Les 3 meilleurs romans français du 20ème siècle pour comprendre l’évolution des figures féminines et des rapports de genre

Peut-on “lire” l’histoire des rapports de genre dans quelques romans français du XXᵉ siècle ? Bien sûr, aucun texte ne résume à lui seul la complexité d’un siècle de luttes, de reculs et d’avancées. Mais certains romans condensent, presque malgré eux, des bascules historiques : nouveaux modèles féminins, impasses de l’égalité proclamée, résistances ordinaires.

J’ai choisi trois œuvres écrites par des autrices, publiées à des moments-clés du siècle, qui permettent de suivre une trajectoire : de la femme “exceptionnelle” qui paie cher son indépendance à la femme “émancipée” rattrapée par le couple et la famille. Ces romans ne se contentent pas de “mettre des femmes en scène” : ils interrogent frontalement ce que veut dire être femme dans un monde pensé par et pour les hommes.

Trois repères, donc :

  • Colette, La Vagabonde (1910) – le prix à payer pour l’indépendance au début du siècle.
  • Simone de Beauvoir, Les Mandarins (1954) – la femme intellectuelle face au couple, à la politique et à la “liberté” masculine.
  • Annie Ernaux, La Femme gelée (1981) – l’égalité sur le papier, la servitude dans la cuisine.

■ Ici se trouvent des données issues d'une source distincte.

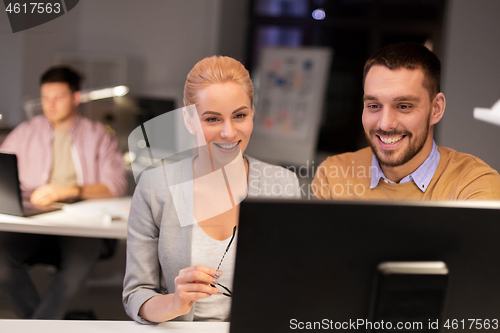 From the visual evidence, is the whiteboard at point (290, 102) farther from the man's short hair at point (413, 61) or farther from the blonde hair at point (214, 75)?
the blonde hair at point (214, 75)

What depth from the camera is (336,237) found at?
0.63 meters

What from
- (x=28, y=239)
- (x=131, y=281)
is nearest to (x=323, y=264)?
(x=131, y=281)

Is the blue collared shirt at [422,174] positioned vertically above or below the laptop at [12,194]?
above

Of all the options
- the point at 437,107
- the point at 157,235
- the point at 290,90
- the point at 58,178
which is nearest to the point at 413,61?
the point at 437,107

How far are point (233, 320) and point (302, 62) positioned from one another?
4.21 meters

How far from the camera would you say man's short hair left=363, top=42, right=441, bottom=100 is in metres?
1.51

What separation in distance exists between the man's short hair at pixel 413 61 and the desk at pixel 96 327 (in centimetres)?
104

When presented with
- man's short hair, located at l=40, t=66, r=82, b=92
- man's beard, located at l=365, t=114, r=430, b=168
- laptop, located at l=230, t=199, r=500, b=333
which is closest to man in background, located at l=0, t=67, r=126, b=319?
man's short hair, located at l=40, t=66, r=82, b=92

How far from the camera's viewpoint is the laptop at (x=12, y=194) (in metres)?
1.78

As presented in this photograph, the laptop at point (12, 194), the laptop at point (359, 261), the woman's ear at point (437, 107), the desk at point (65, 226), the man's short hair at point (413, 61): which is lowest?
the desk at point (65, 226)

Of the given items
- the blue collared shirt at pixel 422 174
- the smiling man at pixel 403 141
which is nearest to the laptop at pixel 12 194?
the smiling man at pixel 403 141

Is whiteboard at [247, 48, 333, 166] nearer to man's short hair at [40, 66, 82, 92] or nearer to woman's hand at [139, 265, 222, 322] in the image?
man's short hair at [40, 66, 82, 92]

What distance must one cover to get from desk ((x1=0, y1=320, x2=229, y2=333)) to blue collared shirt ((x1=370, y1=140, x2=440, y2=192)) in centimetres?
77

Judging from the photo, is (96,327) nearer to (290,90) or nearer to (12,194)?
(12,194) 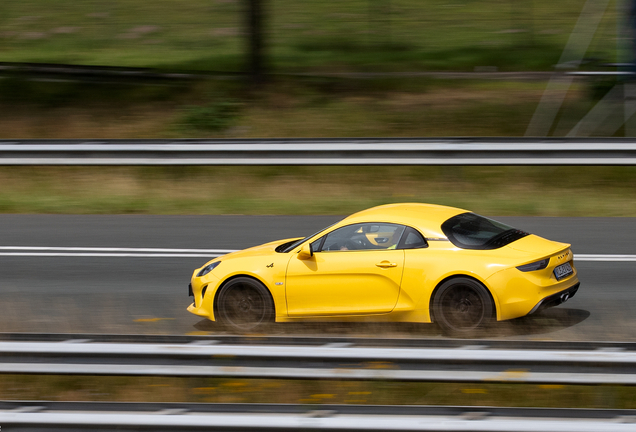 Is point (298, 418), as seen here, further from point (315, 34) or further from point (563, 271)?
point (315, 34)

Ce ne sont pas “les trois meilleurs romans” au sens où ils effaceraient tous les autres, mais trois textes emblématiques pour comprendre comment se reconfigurent les figures féminines et les rapports de genre au long du XXᵉ siècle.

Colette, La Vagabonde : l’indépendance comme solitude programmée

La Vagabonde, publié en 1910, met en scène Renée Néré, actrice de music-hall, divorcée d’un mari infidèle, qui vit de son travail. On pourrait la lire comme une héroïne “moderne” : elle gagne sa vie, elle vit seule, elle voyage, elle refuse de retourner au confort conjugal avec le riche Maxime Dufferein-Chautel qui la courtise.

Mais Colette montre très bien que cette indépendance est moins un choix absolu qu’une stratégie de survie dans un monde où les femmes n’ont quasiment aucun droit. Comme l’ont rappelé les historiennes du genre comme Christine Bard, à cette époque les femmes mariées restent juridiquement mineures, le divorce est mal vu, le travail féminin est toléré surtout dans les milieux populaires et artistiques. Renée, elle, se tient sur une ligne de crête : assez “différente” pour être jugée, pas assez protégée pour être tranquille.

Le roman déplie cette tension : Renée aime son autonomie, son métier, la camaraderie des coulisses. Mais elle est aussi fatiguée, pauvre, exposée au mépris social. Elle pourrait “sortir” de cette fragilité matérielle en épousant Maxime. Elle refuse. Non par romantisme de la femme libre, mais parce qu’elle sait très bien ce que le mariage signifierait : redevenir disponible, malléable, dépendante.

Colette met à nu une première configuration des rapports de genre :

  • Le mariage comme contrat de dépossession pour les femmes.
  • Le travail comme seule voie d’autonomie, mais au prix de la précarité et de la réputation.
  • L’amour masculin comme promesse de protection… contre la liberté de la femme.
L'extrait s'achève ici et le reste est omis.